Nella richiesta di misure cautelari firmata dai pm, c'è anche un capitolo intitolato "Le difficoltà nell'attività intercettiva". Emerge, nei due anni dell'inchiesta per corruzione, un "guardie e ladri" sul filo della tecnologia e della perseveranza della Gdf: cambi di telefono, soffiate (anche da un militare infedele) sulle intercettazioni in corso, sistemi anti-trojan, tecnologie anti-infiltrazione per evitare d'essere ascoltati dagli investigatori. C'erano perfino funzionari pubblici che avevano chiesto alla società comunale Venis di avere "apparati di ultima generazione non infiltrabili".

"Boraso interferisce anche nel Bosco dello Sport"

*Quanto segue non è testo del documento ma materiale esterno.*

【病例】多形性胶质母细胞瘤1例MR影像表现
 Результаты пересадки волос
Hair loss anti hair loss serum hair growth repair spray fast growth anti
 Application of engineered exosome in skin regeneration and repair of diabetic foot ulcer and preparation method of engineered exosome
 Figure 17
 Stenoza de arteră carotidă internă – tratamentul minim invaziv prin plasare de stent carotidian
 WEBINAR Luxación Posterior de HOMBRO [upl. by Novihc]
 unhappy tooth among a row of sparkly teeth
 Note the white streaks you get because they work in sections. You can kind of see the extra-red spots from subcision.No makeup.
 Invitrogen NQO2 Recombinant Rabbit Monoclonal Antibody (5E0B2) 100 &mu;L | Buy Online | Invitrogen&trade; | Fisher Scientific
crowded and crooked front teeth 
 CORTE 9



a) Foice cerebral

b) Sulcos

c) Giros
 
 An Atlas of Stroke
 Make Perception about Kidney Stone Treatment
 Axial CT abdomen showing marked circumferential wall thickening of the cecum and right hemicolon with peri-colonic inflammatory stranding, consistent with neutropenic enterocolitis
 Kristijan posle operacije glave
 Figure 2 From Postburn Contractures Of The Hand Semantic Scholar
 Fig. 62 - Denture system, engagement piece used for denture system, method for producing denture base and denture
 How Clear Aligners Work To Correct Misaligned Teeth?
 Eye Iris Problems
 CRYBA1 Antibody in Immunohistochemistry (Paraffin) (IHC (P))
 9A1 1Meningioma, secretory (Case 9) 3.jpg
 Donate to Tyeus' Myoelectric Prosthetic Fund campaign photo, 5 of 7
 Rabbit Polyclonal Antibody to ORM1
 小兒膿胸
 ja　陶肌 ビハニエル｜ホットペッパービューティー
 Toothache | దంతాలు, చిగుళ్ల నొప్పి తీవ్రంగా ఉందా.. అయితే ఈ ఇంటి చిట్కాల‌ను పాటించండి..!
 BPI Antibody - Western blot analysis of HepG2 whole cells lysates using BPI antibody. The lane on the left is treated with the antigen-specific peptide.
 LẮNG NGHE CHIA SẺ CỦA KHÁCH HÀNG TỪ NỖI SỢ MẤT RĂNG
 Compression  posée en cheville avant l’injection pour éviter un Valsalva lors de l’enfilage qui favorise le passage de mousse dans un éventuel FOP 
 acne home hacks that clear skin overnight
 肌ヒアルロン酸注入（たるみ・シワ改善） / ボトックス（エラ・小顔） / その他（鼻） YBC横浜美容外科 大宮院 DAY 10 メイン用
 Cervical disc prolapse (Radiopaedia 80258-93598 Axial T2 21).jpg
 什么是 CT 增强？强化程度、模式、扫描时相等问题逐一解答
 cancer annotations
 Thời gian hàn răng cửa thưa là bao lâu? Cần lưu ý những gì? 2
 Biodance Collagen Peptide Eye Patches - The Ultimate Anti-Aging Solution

I pm, motivando le esigenze di custodia cautelare per l'assessore comunale dimissionario, scrivono anche che Renato Boraso negli ultimi tempi si sarebbe "particolarmente dedicato" ai progetti del nuovissimo "Bosco dello Sport", l'area vicina all'aeroporto Marco Polo su cui dovrebbero venire edificati il nuovo stadio e il nuovo palasport veneziani e un raccordo ferroviario con lo scalo lagunare. Secondo i magistrati, Boraso avrebbe "già raggiunto accordi corruttivi" per inserire alcune imprese nell'area e l'aggiudicazione di alcune opere. Dopo la trasmissione Report del 17 dicembre scorso che lo riguardava, Boraso si sarebbe anche "dedicato... a produrre documentazione giustificativa delle somme di denaro ricevute dai suoi corruttori" e "a distruggere documenti e prove" gettandoli nella stufa della casa di sua madre.